Skip the pictures. Output only the lines below starting at the line with "YS FAZER 2022" and ending at the line with "苗箱に種をまいている様子-2026", both ends included, exactly as they are.

-- INPUT FOR THIS TASK follows --

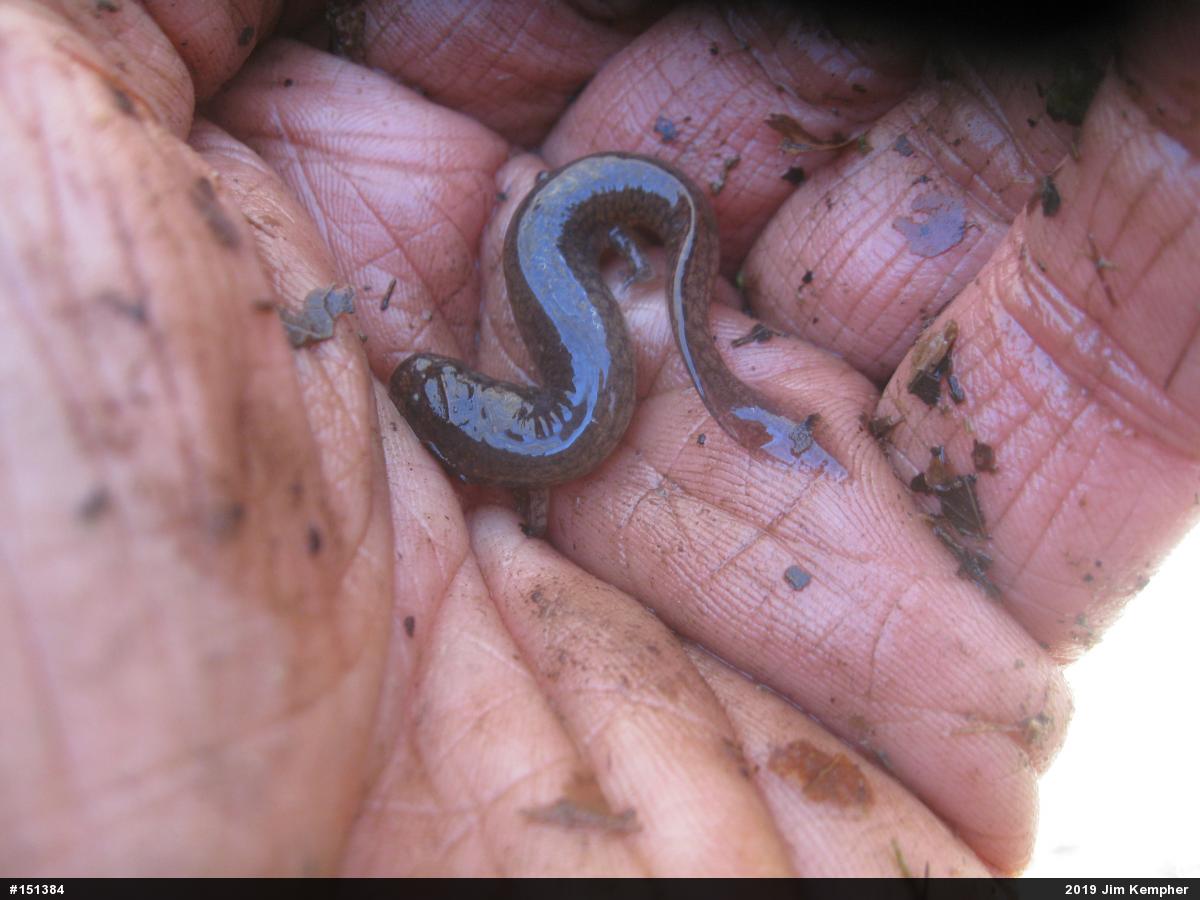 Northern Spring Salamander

-- INPUT FOR THIS TASK concluded --
-- INPUT FOR THIS TASK follows --

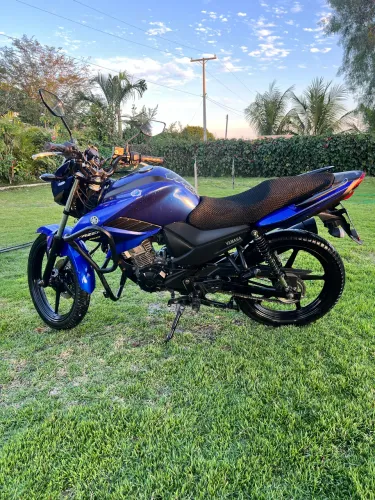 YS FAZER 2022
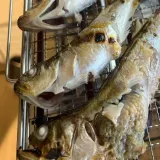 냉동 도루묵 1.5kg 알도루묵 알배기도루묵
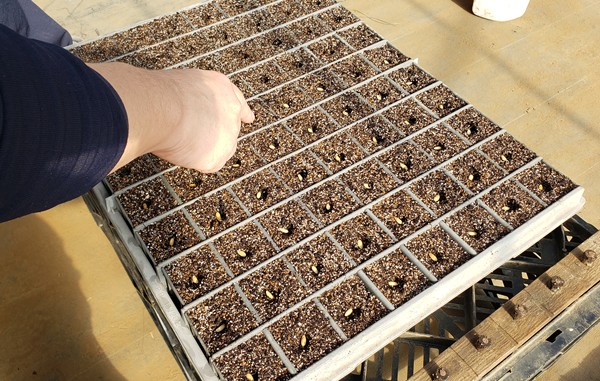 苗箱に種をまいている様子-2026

-- INPUT FOR THIS TASK concluded --
-- INPUT FOR THIS TASK follows --

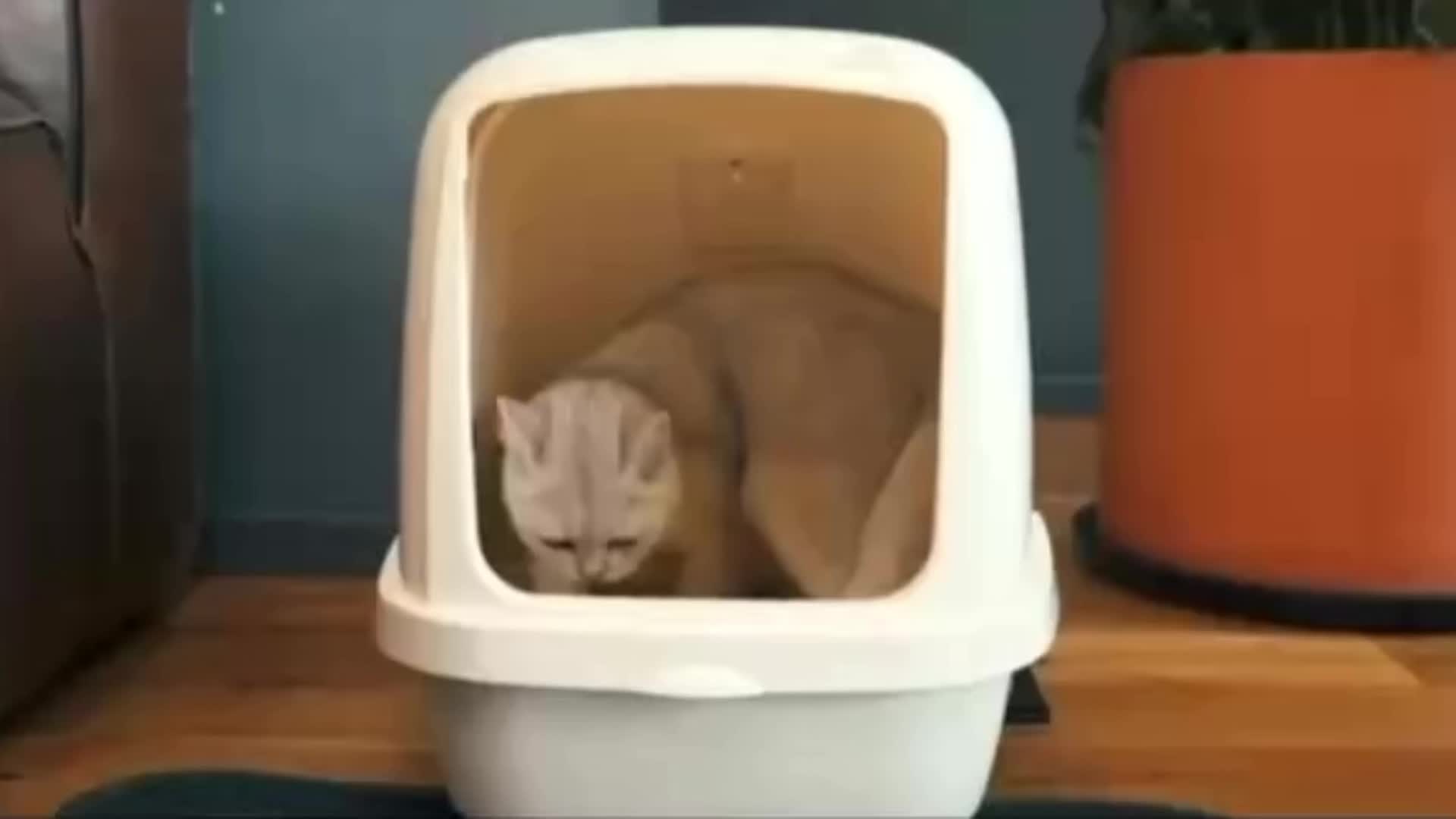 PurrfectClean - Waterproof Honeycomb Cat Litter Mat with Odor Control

-- INPUT FOR THIS TASK concluded --

**EXERCISE RESULT**
 YS FAZER 2022
 냉동 도루묵 1.5kg 알도루묵 알배기도루묵
 苗箱に種をまいている様子-2026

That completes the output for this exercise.